С годами любопытство мое не стало менее острым, только его уже никак не удовлетворишь: нет не только ветхих сараев, но и крепкий надежный дом не смог конкурировать с непрочными безобразными стеклянно-бетонными конструкциями. Но пока — я в сенях, нащупываю пухлую, оббитую чем-то мягким дверь, тяну ее на себя и оказываюсь в кухне.
Бабуся что-то готовит. Вдохнув вкусный запах жарящейся картошки, я понимаю, что сильно проголодалась. Тороплюсь переодеться, и потому все-таки спотыкаюсь, но уже — в светлой комнате, зацепившись за шторы, украшавшие вход в комнату. Слева от двери — бабусина аккуратно заправленная кровать, у противоположной стены, оклеенной открытками, вырезками из журналов и прочими моими средствами самовыражения — наш с мамой красный диван.
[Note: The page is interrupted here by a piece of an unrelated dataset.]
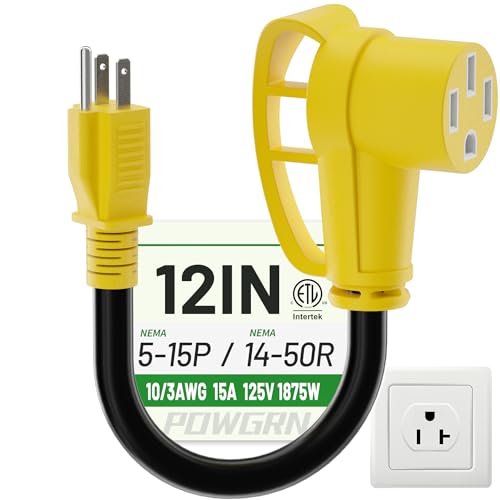 POWGRN NEMA 5-15P to NEMA 14-50R RV 50 Amp to 110 Adapter 12 inch Heavy Duty 10/3 Gauge RV Electrical Adapter STW 10AWG 15A 125V 1875W Black-Yellow ETL Listed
Портфель оказывается на старинном, с чуть изогнутыми ножками, стуле, школьная форма — в шкафу. Я беру с широкого подоконника недавно подаренный мамой набор бумажных кукол и собираюсь его рассмотреть. Заходит бабуся с шипящий сковородкой в одной руке и деревянной подставкой под нее в другой. Садимся обедать за массивный, внизу с резными украшениями, стол.
После обеда клеенка чисто вытирается, и я принимаюсь за уроки. Вечером, когда от единственной, не прикрытой абажуром, лампочки, висящей над столом, становится спокойно и уютно, бабуся берется за спицы, а я под их мерное постукивание с упоением раскрываю книгу и погружаюсь в захватывающую, неведомую жизнь…
Бабуся никогда не жаловалась на жизнь. Да и когда ей? Заботы о детях, затем — о внуках, затем о правнучке отнимали много сил и времени, и на то, чтобы пожалеть себя, поплакаться, его просто не оставалось. Когда мы с мамой переехали в благоустроенную квартиру, бабуся наотрез отказалась переселиться с нами: не хотела быть обузой, она привыкла всю жизнь отвечать за других, и другое состояние ей было просто незнакомо. Уговоры не помогли, и моя прабабушка доживала свой век в полуподвале, без горячей воды и канализации, мучительно страдая от «водянки», но так и не научившись жаловаться на судьбу и жалеть себя.